Since the Kindle makes it easy for kids to go onto the app store and get new games, and since it’s pretty darn easy to go online and visit Web sites too, I like to constrain my children’s use of my Kindle Fire to just when I’m around. But now they’ve figured out my security code. Darn it! How do I change it?
There are two ways you can deal with this. The first is to block the Kindle entirely, which I’ll show in a bit, but the second possibility is to simply use the parental controls to lock the system down so that the only thing your kids could do is read books on the device. No Internet access, no app store, no apps. Just ebooks.

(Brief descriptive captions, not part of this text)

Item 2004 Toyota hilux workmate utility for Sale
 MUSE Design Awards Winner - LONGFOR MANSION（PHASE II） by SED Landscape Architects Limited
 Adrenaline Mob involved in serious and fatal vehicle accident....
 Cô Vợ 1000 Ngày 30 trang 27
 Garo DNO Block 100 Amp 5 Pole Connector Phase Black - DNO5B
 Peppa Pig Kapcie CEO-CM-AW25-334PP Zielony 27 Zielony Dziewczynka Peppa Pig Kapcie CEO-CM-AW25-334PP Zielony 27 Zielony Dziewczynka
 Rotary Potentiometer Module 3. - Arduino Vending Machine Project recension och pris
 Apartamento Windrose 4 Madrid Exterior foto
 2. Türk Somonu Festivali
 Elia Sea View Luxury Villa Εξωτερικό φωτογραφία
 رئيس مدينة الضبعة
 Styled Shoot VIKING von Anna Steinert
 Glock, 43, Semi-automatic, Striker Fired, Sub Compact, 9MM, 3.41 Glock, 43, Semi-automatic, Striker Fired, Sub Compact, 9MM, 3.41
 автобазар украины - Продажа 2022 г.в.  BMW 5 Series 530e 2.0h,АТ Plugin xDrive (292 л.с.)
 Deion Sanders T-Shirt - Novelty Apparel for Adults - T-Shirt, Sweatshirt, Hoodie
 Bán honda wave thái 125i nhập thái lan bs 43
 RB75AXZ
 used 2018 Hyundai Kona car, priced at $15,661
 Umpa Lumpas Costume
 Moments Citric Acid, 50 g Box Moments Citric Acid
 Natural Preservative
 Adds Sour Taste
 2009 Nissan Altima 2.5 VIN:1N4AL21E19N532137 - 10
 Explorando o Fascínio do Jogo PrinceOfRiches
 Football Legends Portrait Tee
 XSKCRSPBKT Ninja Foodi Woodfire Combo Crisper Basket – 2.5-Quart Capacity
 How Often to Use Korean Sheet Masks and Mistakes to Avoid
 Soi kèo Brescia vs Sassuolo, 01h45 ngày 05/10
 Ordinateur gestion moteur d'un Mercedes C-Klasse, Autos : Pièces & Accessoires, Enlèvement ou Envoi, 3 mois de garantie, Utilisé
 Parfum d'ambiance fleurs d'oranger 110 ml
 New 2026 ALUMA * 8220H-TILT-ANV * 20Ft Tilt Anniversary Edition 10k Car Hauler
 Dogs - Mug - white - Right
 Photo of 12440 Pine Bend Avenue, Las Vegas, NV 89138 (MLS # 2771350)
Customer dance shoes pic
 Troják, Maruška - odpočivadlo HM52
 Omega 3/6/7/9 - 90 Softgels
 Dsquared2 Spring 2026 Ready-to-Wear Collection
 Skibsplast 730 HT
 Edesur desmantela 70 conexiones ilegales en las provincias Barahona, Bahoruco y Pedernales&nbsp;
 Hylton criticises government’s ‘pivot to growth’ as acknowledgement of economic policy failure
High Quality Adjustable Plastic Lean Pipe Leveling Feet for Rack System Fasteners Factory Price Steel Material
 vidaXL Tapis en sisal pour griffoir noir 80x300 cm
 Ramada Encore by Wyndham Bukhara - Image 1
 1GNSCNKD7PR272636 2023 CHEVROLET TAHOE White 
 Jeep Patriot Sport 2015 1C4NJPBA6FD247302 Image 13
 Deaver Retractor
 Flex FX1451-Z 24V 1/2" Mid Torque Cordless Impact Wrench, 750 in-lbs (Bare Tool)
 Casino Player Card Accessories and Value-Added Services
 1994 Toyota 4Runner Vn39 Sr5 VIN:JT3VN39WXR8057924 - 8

It’s important to note that the earlier generation of the Kindle operating system (or “firmware”) didn’t have much in the way of parental controls, so unless you have a new Kindle Fire HD, Kindle Fire, paperwhite, or similar more recent device, you might be out of luck with the better parental controls.
Of course, regardless of which Kindle you have, setting an unguessable password is an easy solution to regain control of the system, so let’s have a look at just how that can be accomplished.
In fact, it’s easy. Pull down the top system menu (drag your finger from the top edge), then tap on the ~ez_ldquo+ez_rdquo~ symbol for all settings. It looks like this:
Tap on “Security” at the bottom of the list and you’ll see a number of options from which you can choose:
Tap on “Change Password”, enter your current PIN, then set it to whatever you’d like, something long and complicated:
There is a wee bit of confusion here, tho: it says “at least 4 characters” but in fact you can only enter numbers. Unless at the top you disable the simple numeric PIN. Do that, and you can use something far more complex: a sequence of letters and digits, like the name of your favorite musician or film star.